Natürlich würde ich diese Woche gerne ganz mitnehmen, aber schon am Nachmittag des zweiten Tages wächst mit erneut aufkommenden Sturm die gesamtfamiliäre Erkenntnis, dass zwar ein leicht bescheuerter Kletterer wie ich alleine diesem Wetter hier harren wollen könnte (plus Schnee und obwohl bei diesem Wind und dieser Kälte an gute Bedingungen gar nicht zu denken ist), eine Familie mit zwei kleinen Kindern sich einen solchen Krampf aber sicher nicht antun muss. Hatte uns der berüchtigte Wind in Patagonien 2016 fast ganz verschont, zwingt er die Kinder und Jeanne hier zwar nicht in die Knie aber den ganzen Tag in den Bus. Jules entdeckt Kopfhörermusik und Right here waiting von Richard Marx für sich. Der sonst so daueraktive wie superstarke Fünfjährige schmilzt plötzlich sanft wie ein Lamm den Tränen nahe angesichts der dicken Schicht Kitsches über den Akkorden nur so dahin und wir Eltern können angesichts dieser so unerwarteten wie rührenden Persönlichkeitsveränderung nicht anders als in seine Tränen einzustimmen. Nur Aliénor (die die gleiche Musik auf den Ohren hat) kaut weiter geduldig und ungerührt ihre Salami. „Mehr Wust!“, lässt sie nach jedem Stück verlauten. Trotz allem stellt die Gesamtsituation aus Kälte und Sturm am Ende nicht wirklich eine Option dar, zudem wenn am Ende nur der Schnee wartet. Also lasse ich mich zur Weiterreise überreden, nur der eben befreite geniale Boulder will natürlich noch gefilmt werden.

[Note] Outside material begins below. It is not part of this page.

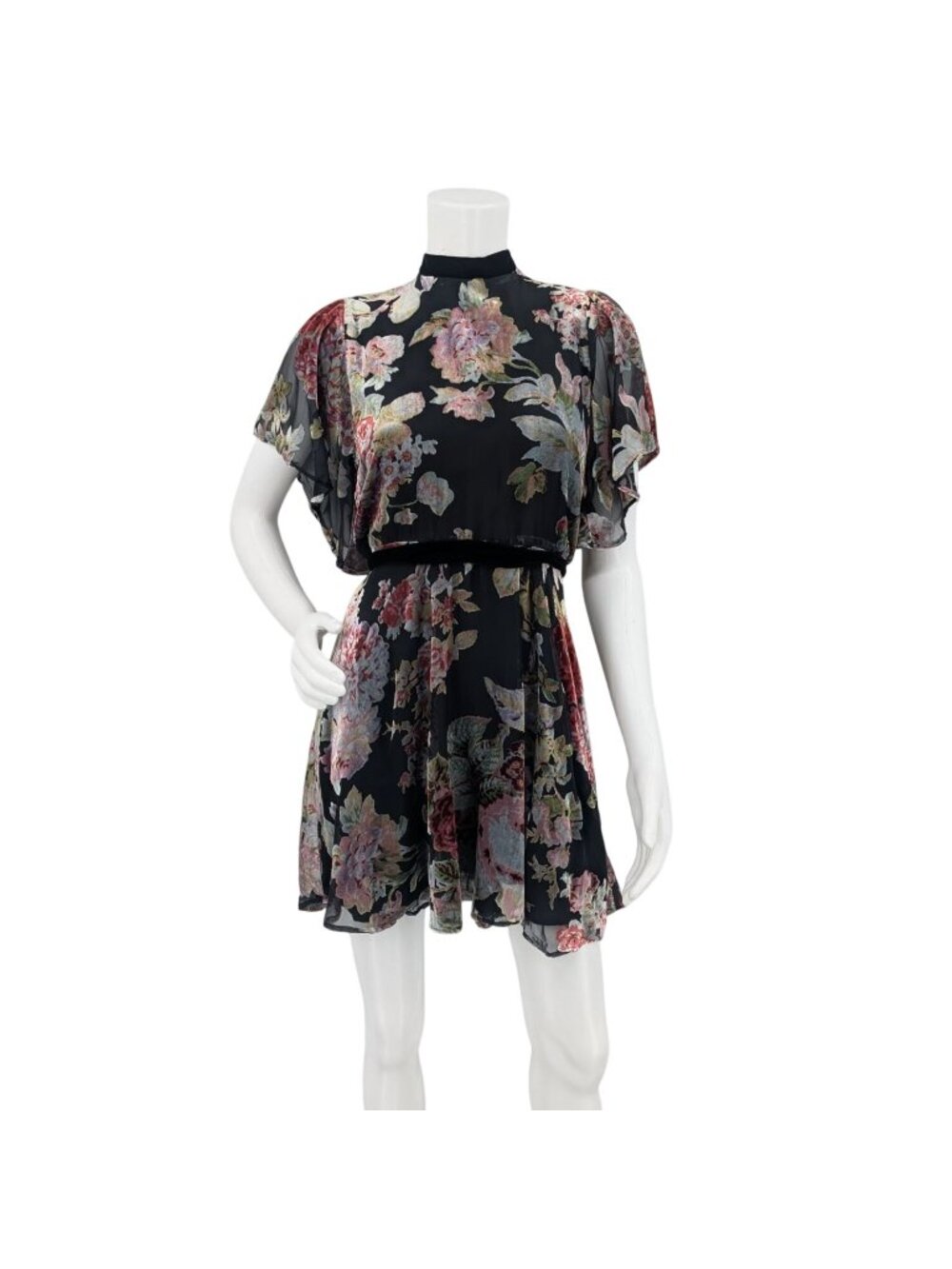 Floral Burnout Velvet Fit Flare Dress Mini Flutter Sleeve Whimsigoth Y2K Small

Ich bin so kalt wie der Orkan, die Pads fliegen mitunter 50m auf einen Satz davon und nachdem mir bereits zuvor eine Kamera auf dem Stativ umgeweht worden war (zum Glück ohne Folgen für unsere Canon 6D, die ohnehin schon aussieht wie ein Boxer in Runde 17) zerlegt es nun die 7D inklusive 50mm/1.4. Das Objektiv scheint zunächst geliefert, doch darüber kann ich mich nicht einmal richtig ärgern. Meine ganze Mühe gilt den einzelnen Passagen, die ich zum Glück noch hinbekomme, das Ganze kostet mich aber einen solchen physischen Stress, dass ich die nächsten Tage unter Atemnot leide, wann immer ich mich anstrenge.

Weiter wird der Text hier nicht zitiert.